Augustine Alters the Platonic Understanding of Ultimate Reality

"The status of the transcendent Ideas, so central to the Platonic tradition and widely recognized by the pagan intelligentsia, was now significantly altered. Augustine agreed with Plato that the Ideas constituted the stable and unchangeable forms of all things and provided a solid epistemological basis for human knowledge.
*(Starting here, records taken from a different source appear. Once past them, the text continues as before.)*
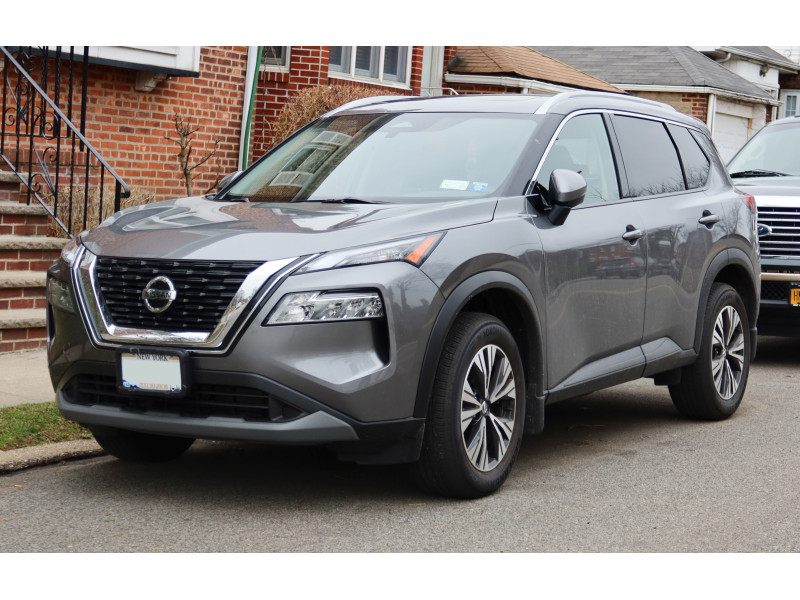 Бампер передній Nissan X-trail T33, Rogue T33 2021- FPS 620226RR0H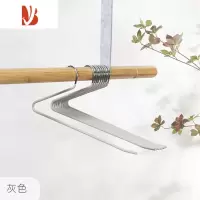 三维工匠家用衣柜收纳器Z形裤挂防滑衣架晾晒裤子专用z裤夹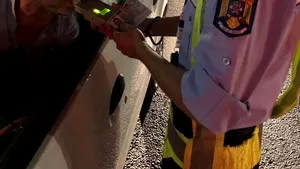 Şoferii din Capitală, verificaţi de Poliţie. Măsuri: 25 permise reţinute pentru alcool, 7 dosare penale | FOTO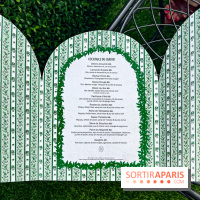 Le Marta, le bar à cocktails perché sur le rooftop de l'Hôtel Barrière Fouquet's Paris tout l'été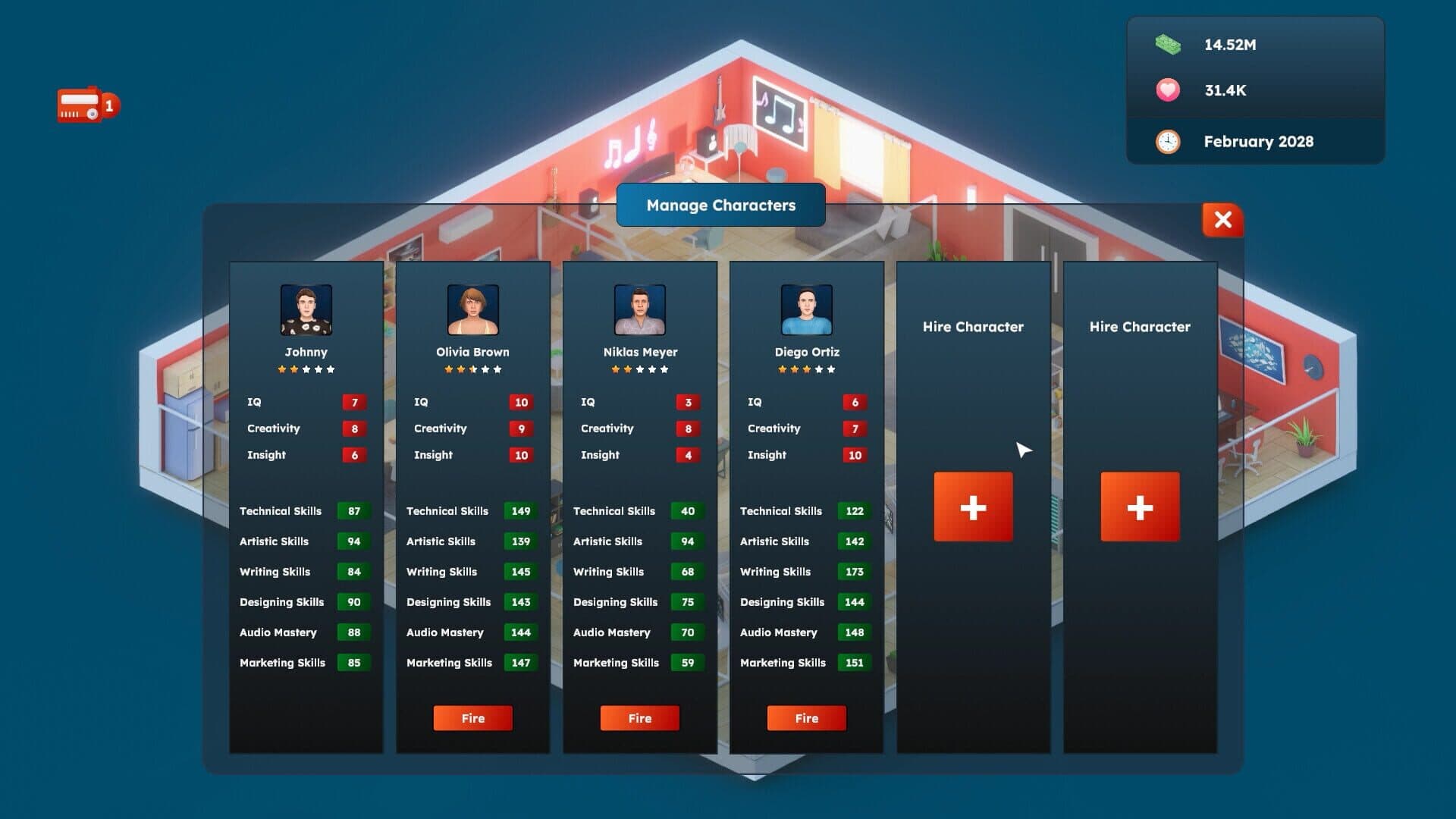 Game Builder Tycoon screenshot 10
But he pointed out that Plato lacked an adequate doctrine of creation to explain the participation of particulars in the Ideas. (Plato's creator, the Demiurge of the Timaeus, was not an omnipotent supreme being, since the chaotic world of becoming upon which he imposed the Ideas already existed, as did the Ideas themselves; nor was he omnipotent vis-a-vis ananke, the errant cause.) Augustine therefore argued that Plato's conception could be fulfilled by the Judaeo-Christian revelation of the supreme Creator, who freely wills the creation into existence ex nihilo, yet who does so in accordance with the seminal ordering patterns established by the primordial Ideas residing in the Divine Mind. Augustine identified the Ideas as the collective expression of God’s Word, the Logos, and viewed all archtypes as contained within and expressive of the being of Christ.”

- The Passion of the Western Mind, by Richard Tarnas. p106

Anyone who is interested in Augustine’s role in the history of Philosophy should read the section in the above book titled, The Conversion of the Pagan Mind. I find the author to be exceptionally thorough, clear and concise.